Если кто-то полагает, что это нормальная судоходная карта, с отмеченным крестиками шельфом, проставленными глубинами и прочими навигационными премудростями – то он слишком хорошо о нас думает. Нет, это всего лишь лист бумаги, на котором то карандашом, то ручкой старательно нанесены конфигурации фарватера, контуры луд (так тут называют небольшие островки, порой лишь каменные плеши, целиком уходящие под воду во время прилива) и, конечно, линии близкого берега. Вехи и створовые знаки нанесены на эту карту с особой тщательностью пачка таких листов, запаянных при помощи электрического утюга в полиэтилен, и составляет «лоцию» – а вместе с простеньким туристическим компасом и биноклем «Беркут-10», продукцией Салаватского оптикомеханического завода, весь наш набор навигационных инструментов. Никаких тебе радиолокаторов, эхолотов и прочих технических премудростей, а из иных источников знаний – только книга англичанина Боба Бонда, что хранится в каюте, на особой полочке рядом с толстым томиком «Моби Дика» из «Библиотеки всемирной литературы». В свободное время я частенько листаю этот справочник, оставляя бессмертное творение Германа Мелвилла на вечер, когда удаётся выкроить полчасика перед сном.

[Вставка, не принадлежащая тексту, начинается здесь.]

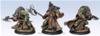Circle Orboros - Warpborn Skinwalkers (3)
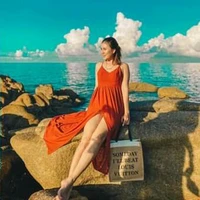 Mai Thùy - mẹ su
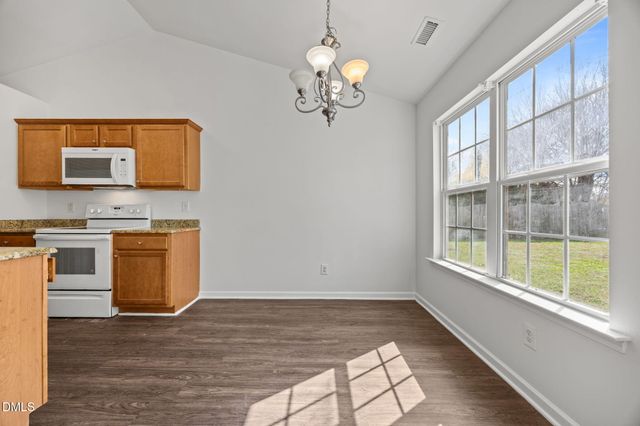 5015 Croftwood Drive, Raleigh, NC 27616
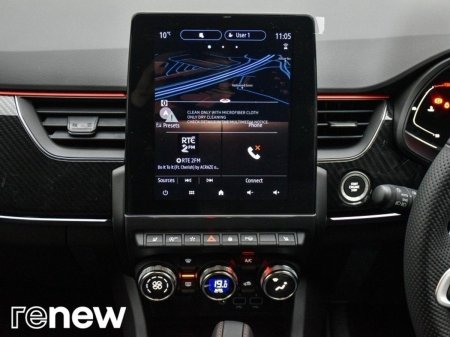2023 Renault Arkana - photo 21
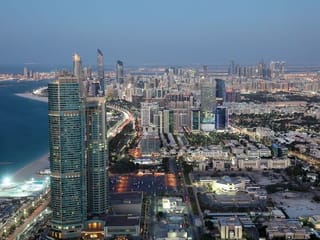 Abu Dhabi entry guidelines updated: Retest on Day 4 and Day 8 required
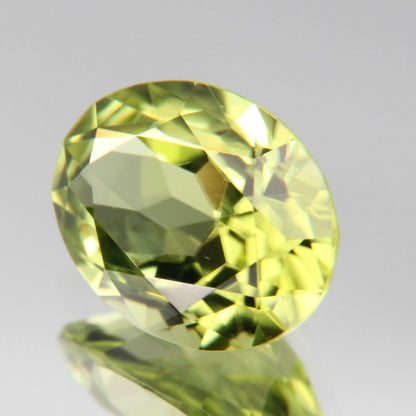 Peridot 1.25ct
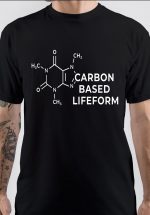 Carbon Based Lifeforms T-Shirt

Была, правда, ещё рация, даже две. Одна армейская, переносная, в зелёном металлическом ящичке, с длинной коленчатой антенной, а другая – пластиковая мыльница японского переговорника «Панасоник», составлявшая нашу гордость. Армейская рация почти работала – то есть её можно было заставить действовать, но это выходило далеко за рамки моего знакомства с радиоделом. Японская же игрушка плохо ловила среди луд и береговых сопок, а потому практически всё время приходилось обходиться без связи. Я не жаловался – привык, и даже находил в этом некую прелесть. Молчащие рации лишний раз подчёркивали почти полную оторванность от цивилизации – можно было идти вот так час, два, сутки, и за это время не встретить следов человеческой деятельности, за исключением редких низеньких избушек рыбаков, сколоченных из жердей рам, на которых сушат ламинарии, да упомянутых уже вех и створовых знаков. Кое-где попадались высокие, потемневшие от времени кресты, так же обозначенные в нашей «лоции». Стоят они всегда на открытом месте, тщательно закреплённые пирамидами из мелких валунов. Впервые увидав крест на берегу, я решил, что это своего рода знак, отмечающий место, где кто-то утонул, разбился на камнях – вроде тех сваренных из водопроводных труб крестов, что нет-нет, да и встречаются на обочинах шоссе. Оказалось, нет; кресты эти спокон веку играли роль именно навигационных знаков; по ним местные рыбаки и прочий водоплавающий люд ходил ещё в те времена, когда здесь плавали ладьи новгородцев и парусные карбасы поморов.
Как раз один из таких крестов открылся мне справа по борту в полном соответствии с «лоцией», когда я, приблизившись к паре створовых знаков, уже собрался переложить румпель – и в этот самый момент заметил на берегу человека, размахивающего большой белой тряпкой.